3. Long and short behavior
Long trades are allowed only after a downside extreme has been reached and price begins to recover.
Short trades are allowed only after an upside extreme has been reached and price begins to fade.
The goal is to enter close enough to the extreme to keep risk contained, while still requiring evidence that the turn has started.

4. Risk control
Risk is defined tightly. The protective stop is placed where the reversal thesis is clearly invalidated, so the strategy is built to accept small losses when the market does not revert and continues expanding in the same direction.

5. Exit logic
Profits are taken based on local market structure rather than fixed targets.
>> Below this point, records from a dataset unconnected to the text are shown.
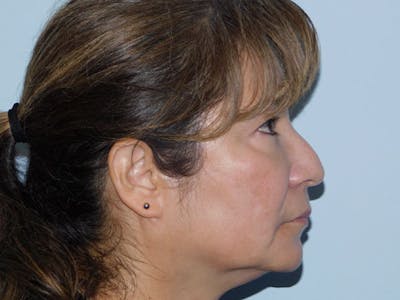 Rhinoplasty Before & After Gallery - Patient 133066583 - Image 1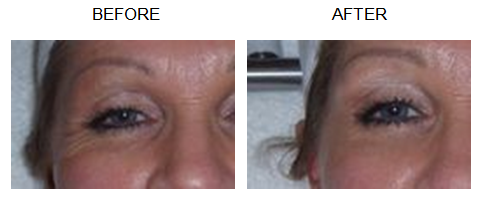 Plexaderm Before and After Pictures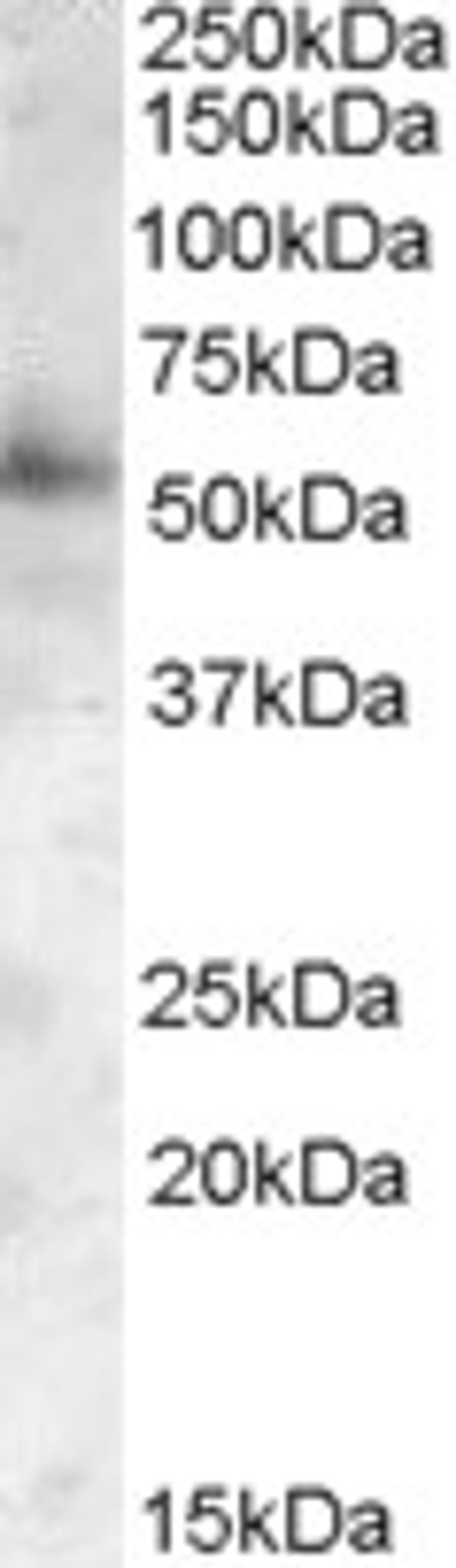 46-194 (0.05ug/ml) staining of Human Frontal Cortex lysate (35ug protein in RIPA buffer). Primary incubation was 1 hour. Detected by chemiluminescence.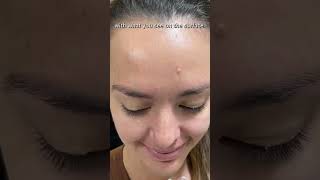 Which is best for you Hydrocolloid vs Magnesium Acne Patches acne freegopatch skincare [upl. by Smitt]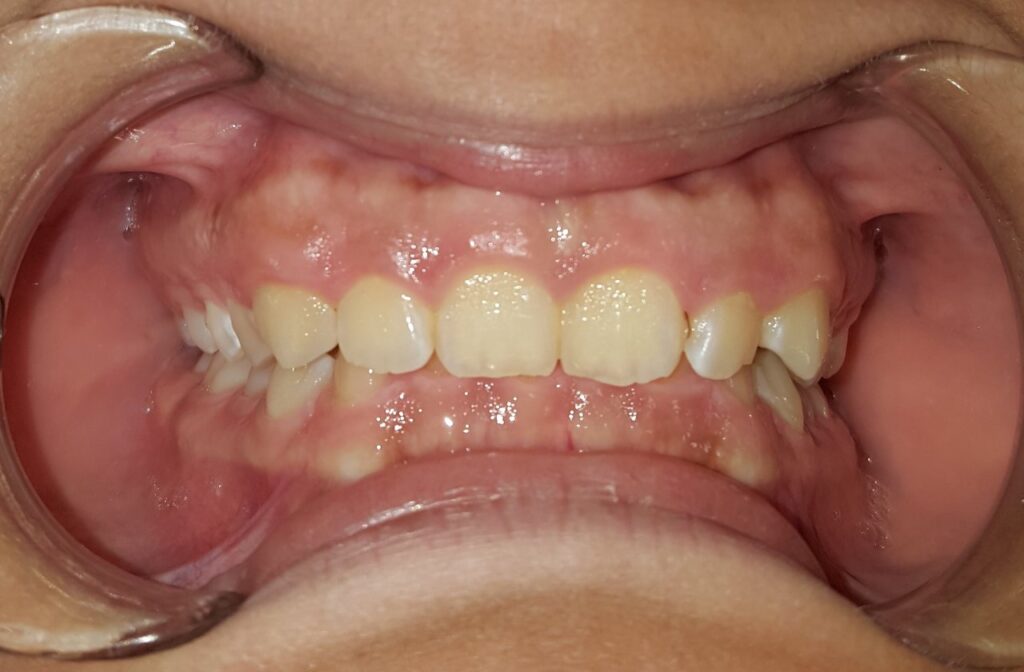 overbite correction, What Types of Braces Work Best to fix Overbite?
Once in a position, the strategy looks for a clear exhaustion point in the move and closes the trade when the short-term swing structure signals that the rebound or pullback has likely completed. This aims to capture the core of the corrective move without overstaying.

6. Best conditions
This approach performs best in range-bound markets, during consolidations, and in instruments that frequently oscillate around a fair value. It is also useful after impulsive spikes when the move becomes overstretched and liquidity rebalances.

7. When to avoid
Avoid using it during strong, clean trends and during persistent breakout phases, where extremes can keep extending and reversals can fail repeatedly. In these conditions, mean-reversion setups can be systematically punished.

8. What to expect
Expect a higher trade frequency than trend-following systems, with many small-to-medium wins and occasional sharp losses when the market refuses to revert. The edge comes from disciplined entries only after extremes and quick exits when structure signals completion.